# [Exercise aim]
Go through the data underneath and report how many lines hold the string "Cart", giving only the number.

# [Records]
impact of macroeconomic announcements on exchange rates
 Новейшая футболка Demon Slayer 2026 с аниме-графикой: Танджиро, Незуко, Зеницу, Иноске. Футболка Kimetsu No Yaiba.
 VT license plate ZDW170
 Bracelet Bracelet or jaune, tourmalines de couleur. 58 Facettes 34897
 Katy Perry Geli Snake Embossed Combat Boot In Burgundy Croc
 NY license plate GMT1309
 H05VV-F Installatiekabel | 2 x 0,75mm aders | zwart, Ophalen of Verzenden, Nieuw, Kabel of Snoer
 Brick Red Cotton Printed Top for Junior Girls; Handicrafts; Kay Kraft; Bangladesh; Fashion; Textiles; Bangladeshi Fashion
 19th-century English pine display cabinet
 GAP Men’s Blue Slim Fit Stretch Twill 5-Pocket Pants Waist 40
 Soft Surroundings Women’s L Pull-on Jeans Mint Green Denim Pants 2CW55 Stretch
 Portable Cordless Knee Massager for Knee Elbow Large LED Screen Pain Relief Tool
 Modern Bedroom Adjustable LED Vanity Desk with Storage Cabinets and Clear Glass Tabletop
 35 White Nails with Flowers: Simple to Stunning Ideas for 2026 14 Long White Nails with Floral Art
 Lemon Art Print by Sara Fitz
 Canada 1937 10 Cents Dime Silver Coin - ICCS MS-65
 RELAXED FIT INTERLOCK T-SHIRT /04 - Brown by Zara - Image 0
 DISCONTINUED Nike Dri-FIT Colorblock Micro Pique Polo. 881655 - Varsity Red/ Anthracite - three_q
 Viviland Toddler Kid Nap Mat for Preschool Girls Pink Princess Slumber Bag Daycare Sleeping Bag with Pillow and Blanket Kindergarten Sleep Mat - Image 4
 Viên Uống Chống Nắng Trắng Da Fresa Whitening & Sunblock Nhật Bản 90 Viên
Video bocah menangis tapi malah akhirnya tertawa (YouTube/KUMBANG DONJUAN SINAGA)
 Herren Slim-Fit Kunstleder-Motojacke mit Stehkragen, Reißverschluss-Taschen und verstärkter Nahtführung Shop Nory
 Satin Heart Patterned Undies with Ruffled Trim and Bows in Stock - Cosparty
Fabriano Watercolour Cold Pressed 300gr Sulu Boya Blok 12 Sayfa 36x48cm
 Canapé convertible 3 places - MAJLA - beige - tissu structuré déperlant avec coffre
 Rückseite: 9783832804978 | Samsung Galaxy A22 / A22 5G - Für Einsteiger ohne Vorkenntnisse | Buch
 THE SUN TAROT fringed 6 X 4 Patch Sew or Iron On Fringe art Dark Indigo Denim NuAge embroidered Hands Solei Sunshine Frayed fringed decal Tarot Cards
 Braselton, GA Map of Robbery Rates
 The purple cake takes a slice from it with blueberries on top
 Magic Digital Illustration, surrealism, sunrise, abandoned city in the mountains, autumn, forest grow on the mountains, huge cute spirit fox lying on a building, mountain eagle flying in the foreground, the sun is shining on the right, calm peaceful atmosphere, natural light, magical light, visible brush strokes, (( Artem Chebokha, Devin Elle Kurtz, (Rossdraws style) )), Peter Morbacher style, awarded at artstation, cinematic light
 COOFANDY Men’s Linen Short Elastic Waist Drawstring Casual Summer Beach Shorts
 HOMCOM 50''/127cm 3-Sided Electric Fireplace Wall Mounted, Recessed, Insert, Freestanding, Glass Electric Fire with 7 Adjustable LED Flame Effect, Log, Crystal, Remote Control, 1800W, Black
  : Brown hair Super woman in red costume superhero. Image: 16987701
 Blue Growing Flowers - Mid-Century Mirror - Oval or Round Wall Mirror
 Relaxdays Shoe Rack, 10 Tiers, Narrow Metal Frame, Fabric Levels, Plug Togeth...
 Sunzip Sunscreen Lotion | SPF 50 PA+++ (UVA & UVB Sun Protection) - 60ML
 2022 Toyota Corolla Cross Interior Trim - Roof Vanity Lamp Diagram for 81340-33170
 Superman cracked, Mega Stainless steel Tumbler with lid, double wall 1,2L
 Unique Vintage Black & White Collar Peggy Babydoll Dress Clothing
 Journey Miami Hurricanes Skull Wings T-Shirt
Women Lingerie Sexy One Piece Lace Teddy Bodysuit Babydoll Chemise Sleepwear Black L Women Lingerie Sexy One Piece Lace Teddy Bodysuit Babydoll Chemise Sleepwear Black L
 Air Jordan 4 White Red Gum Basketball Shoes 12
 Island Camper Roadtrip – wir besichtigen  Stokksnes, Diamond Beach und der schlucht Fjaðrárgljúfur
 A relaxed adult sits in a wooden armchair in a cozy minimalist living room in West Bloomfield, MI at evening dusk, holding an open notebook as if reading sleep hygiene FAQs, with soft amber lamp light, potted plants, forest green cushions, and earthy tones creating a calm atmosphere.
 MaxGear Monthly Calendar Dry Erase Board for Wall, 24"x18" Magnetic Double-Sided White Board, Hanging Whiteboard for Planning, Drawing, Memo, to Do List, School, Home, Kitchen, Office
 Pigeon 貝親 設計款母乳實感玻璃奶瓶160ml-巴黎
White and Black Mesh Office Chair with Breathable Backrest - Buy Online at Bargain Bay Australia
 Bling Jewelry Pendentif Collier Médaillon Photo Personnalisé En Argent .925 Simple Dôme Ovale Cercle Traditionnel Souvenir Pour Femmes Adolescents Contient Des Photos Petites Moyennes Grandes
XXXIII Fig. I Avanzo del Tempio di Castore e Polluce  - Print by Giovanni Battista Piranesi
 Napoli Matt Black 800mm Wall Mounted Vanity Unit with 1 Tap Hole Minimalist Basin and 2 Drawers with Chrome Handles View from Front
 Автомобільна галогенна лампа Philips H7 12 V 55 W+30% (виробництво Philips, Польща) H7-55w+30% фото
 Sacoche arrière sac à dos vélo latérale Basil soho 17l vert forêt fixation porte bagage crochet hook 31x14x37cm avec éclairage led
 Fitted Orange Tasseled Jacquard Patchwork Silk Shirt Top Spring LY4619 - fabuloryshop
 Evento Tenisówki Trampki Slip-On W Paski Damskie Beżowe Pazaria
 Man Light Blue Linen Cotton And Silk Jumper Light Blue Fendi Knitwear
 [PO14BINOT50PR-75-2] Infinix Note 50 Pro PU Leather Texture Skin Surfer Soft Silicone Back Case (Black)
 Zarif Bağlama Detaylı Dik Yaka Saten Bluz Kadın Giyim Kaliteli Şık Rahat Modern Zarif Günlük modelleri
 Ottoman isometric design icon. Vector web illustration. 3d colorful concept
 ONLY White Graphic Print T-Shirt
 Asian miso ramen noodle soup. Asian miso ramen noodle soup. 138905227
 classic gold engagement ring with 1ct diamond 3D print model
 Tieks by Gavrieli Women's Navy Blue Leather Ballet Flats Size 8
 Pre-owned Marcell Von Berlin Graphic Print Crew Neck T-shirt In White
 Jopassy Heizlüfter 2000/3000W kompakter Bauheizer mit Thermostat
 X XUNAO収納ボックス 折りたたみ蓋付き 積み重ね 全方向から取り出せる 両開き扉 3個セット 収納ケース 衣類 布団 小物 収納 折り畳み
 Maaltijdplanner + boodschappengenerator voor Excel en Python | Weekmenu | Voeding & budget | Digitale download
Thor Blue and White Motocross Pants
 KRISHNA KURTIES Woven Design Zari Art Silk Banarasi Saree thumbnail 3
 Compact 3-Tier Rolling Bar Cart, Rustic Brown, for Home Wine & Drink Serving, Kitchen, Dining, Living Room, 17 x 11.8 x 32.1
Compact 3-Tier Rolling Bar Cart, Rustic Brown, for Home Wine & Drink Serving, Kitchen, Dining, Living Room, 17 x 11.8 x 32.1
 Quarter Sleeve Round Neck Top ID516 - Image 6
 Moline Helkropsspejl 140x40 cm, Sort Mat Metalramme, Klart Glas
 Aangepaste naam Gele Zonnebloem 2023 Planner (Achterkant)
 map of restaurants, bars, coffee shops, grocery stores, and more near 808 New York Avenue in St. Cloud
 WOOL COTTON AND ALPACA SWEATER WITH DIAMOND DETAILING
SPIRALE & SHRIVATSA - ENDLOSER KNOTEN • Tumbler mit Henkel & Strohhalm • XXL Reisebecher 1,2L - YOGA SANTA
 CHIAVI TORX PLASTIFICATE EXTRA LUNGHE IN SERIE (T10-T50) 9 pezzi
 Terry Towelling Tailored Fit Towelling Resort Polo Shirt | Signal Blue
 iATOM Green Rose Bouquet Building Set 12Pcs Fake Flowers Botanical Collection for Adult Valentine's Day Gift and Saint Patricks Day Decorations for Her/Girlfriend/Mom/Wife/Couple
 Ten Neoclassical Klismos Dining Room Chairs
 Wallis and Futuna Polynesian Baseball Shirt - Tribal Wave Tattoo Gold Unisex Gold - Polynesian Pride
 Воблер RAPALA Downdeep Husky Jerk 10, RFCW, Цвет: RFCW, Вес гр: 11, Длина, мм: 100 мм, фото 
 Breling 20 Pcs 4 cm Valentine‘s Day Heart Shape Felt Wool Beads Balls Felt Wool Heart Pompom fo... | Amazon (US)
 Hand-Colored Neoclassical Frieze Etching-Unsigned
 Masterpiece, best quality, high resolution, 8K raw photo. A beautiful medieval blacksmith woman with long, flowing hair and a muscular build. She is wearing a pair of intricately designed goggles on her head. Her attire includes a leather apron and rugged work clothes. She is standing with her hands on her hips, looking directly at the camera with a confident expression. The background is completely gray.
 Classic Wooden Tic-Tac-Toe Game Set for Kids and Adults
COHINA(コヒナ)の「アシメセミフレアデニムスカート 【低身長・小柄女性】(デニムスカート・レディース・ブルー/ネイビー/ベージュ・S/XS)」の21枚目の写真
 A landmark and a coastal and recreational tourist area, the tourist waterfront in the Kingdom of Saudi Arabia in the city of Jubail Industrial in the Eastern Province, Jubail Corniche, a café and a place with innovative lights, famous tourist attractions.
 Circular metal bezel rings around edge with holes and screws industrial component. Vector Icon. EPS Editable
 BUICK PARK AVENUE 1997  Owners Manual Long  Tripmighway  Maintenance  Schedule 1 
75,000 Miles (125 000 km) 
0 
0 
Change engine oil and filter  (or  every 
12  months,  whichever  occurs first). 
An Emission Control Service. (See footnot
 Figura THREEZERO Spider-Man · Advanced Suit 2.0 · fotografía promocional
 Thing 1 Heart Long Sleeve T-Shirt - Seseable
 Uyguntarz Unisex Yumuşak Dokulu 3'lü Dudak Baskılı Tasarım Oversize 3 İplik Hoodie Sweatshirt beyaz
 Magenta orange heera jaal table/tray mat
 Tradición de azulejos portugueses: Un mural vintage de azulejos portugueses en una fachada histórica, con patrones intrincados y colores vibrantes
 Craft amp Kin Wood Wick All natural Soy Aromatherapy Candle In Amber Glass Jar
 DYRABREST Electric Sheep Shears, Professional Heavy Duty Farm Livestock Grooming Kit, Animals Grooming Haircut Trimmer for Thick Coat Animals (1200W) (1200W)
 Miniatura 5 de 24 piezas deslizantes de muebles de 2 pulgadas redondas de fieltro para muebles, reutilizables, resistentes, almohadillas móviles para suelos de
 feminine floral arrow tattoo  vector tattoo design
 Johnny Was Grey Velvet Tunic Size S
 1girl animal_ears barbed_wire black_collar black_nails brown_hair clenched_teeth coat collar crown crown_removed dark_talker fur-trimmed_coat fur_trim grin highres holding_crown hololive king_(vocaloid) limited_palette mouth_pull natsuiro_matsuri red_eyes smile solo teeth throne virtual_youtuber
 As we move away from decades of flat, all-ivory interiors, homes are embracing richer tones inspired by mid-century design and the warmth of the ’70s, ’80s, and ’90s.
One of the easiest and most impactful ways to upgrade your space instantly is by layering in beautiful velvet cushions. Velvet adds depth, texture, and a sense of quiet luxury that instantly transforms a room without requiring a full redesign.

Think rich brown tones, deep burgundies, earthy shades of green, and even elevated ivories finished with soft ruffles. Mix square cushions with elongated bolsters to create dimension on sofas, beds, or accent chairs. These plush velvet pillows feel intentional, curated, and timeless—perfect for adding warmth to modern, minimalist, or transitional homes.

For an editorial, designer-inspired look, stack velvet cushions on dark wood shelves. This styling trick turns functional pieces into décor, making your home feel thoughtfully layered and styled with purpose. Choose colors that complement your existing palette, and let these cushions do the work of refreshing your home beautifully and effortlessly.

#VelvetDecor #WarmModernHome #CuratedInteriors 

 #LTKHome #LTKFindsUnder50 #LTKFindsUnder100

# [Answer to this problem]
2